Immigration continues to be described as a problem in need of solution, and people identified as immigrants are in many ways the key problem. But who exactly are these immigrants? The obvious answer might seem to be people that moved from another country, but in both popular and official discussions immigrant is an increasingly raced and classed term used synonymously with ideas of disorder, radicalization, lack of achievement and criminalization.

But the flip-side is that international migration is also a part of economic globalization, and attracting economic elites to your cities is an important part of selling them to international capital. So there is a need for a whole other set of words and stories to describe this group of people who might have immigrated, but are certainly not immigrants. The idea of ex-pats, or immigrants from Western countries are the terms I’ve seen in Denmark. And in Canada there is an increasing differentiation between entrepreneurial or economic class immigrants as opposed to say family reunion or refugee classes.

As is so often the case, these more abstract and structural questions come together to impact the everyday lives of real people. The disproportionate amount of attention given to the supposed immigrant problem leads to a situation where everyone who fits the image of an immigrant gets treated as though they are part of a problem.

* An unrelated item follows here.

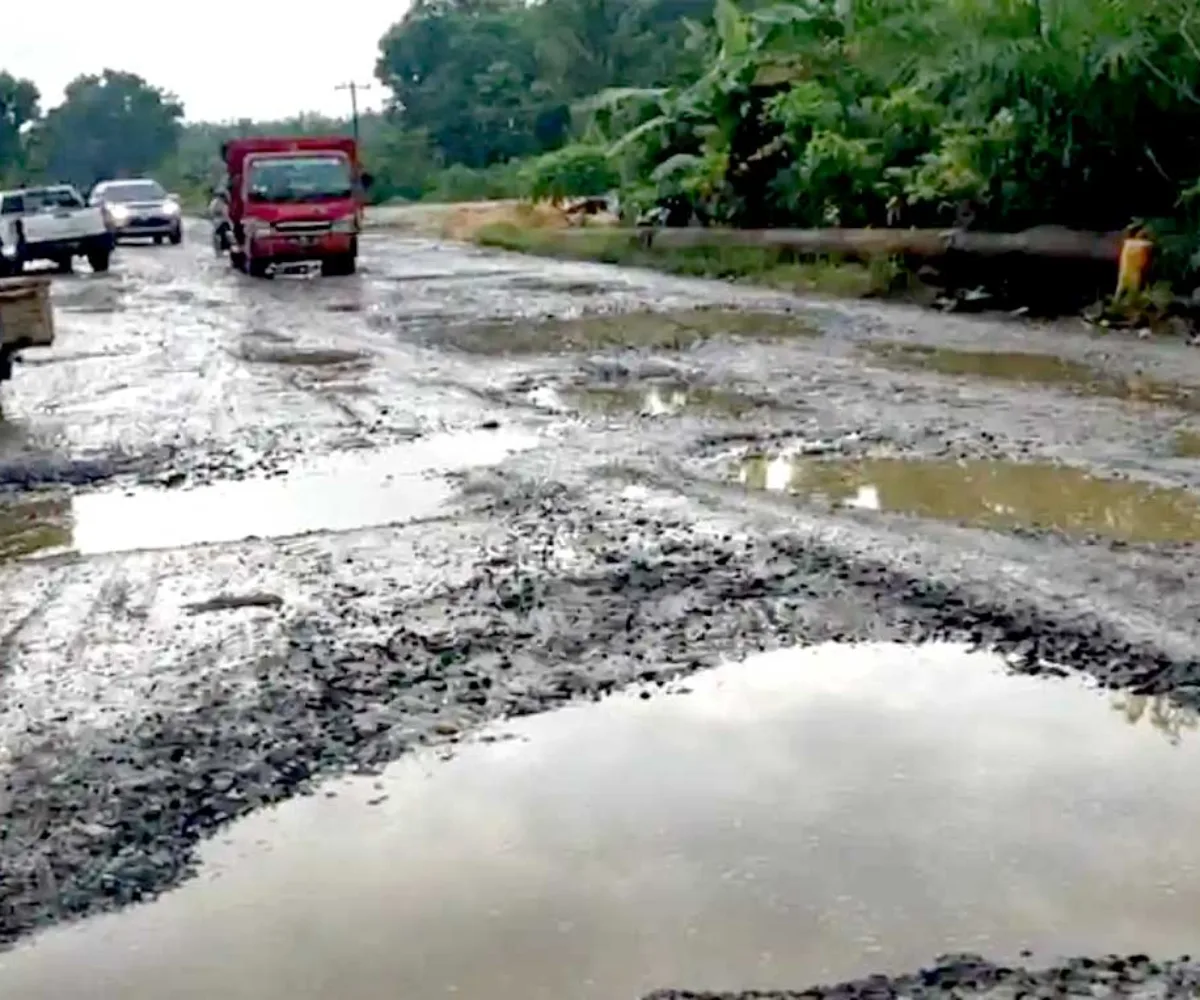 Warga Tapung Ultimatum Pemprov Riau 3 Hari, Jalan Rusak Terancam Picu Gelombang Aksi Massa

We see this in the Toronto police disproportionately stopping Black and Brown youth for questioning. We see this when majority residents decide to avoid moving into certain neighbourhoods. We see it in the difficulties of ethnic minority residents in gaining employment. And we even see it in the murder of a woman in her own home. Artist and sociologist Nabaz Anwars articulates this challenge in his own job seeking campaign including posters plastered over the city asking potential employers “Tør du … ansætte mig?” –  “Do you dare … hire me?”

While this kind of othering  – creating us-them categories with real social, political and economic consequences – is certainly not new, there is a lot of energy being expended right now to make access to receiving societies more difficult, while simultaneously promoting and publicizing the notion that immigrants are simply unwilling to join in.